La Banque Carrefour de la sécurité sociale (BCSS) n'est pas une base de données centrale ; c'est un organisme public qui gère un réseau d'échanges d'informations entre 3 000 institutions environ en Belgique. Si l'une d'entre elles a besoin d'une information dont une autre dispose, la BCSS fait en sorte qu'elle ne soit pas demandée une seconde fois au citoyen ou à l'employeur concerné.
Nous avons également informatisé les informations qu'échangent les organismes de sécurité sociale avec les entreprises mais aussi, pour une large partie, avec les citoyens.
Le début et la fin de toute relation de travail doivent être déclarés par voie électronique – il n'est plus possible de le faire sur papier depuis 2004 –, dans le cadre de la déclaration immédiate de l'emploi dite Dimona. Nous avons aussi un système de déclaration trimestrielle des salaires et des temps de travail à destination de l'organisme qui perçoit les cotisations. Lorsqu'un autre organisme a besoin de ces informations pour calculer les allocations, c'est auprès de lui qu'il va les chercher.
La BCSS est donc un pivot qui organise tous ces échanges d'informations. À sa création en 1990, 800 formulaires papier étaient échangés en moyenne chaque année entre citoyens, entreprises et institutions de sécurité sociale ; ils ont été remplacés par 220 flux électroniques.
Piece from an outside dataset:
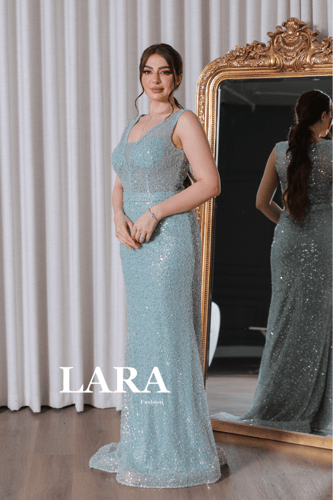 فستان سهره فخم مزين بالترتر اللامع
Nous avons ainsi supprimé les trois quarts des formalités administratives, et tout se fait par voie électronique.
Ce n'est pas une base de données centralisée ; chaque institution de sécurité sociale dispose de ses propres données, mais les autres peuvent y avoir accès lorsqu'elles en ont besoin.
Nous avons créé en 1990 un comité de sécurité de l'information (CSI), nommé par le Parlement, qui est chargé d'autoriser au préalable tout échange de données personnelles. Un organisme de sécurité sociale ayant obtenu légitimement des informations à caractère personnel peut, moyennant l'autorisation de ce comité, les mettre à la disposition d'un autre organisme qui en aurait besoin. Cela permet de s'assurer que cet échange est légitime, proportionnel – afin de ne pas donner plus d'informations que nécessaire – et sécurisé.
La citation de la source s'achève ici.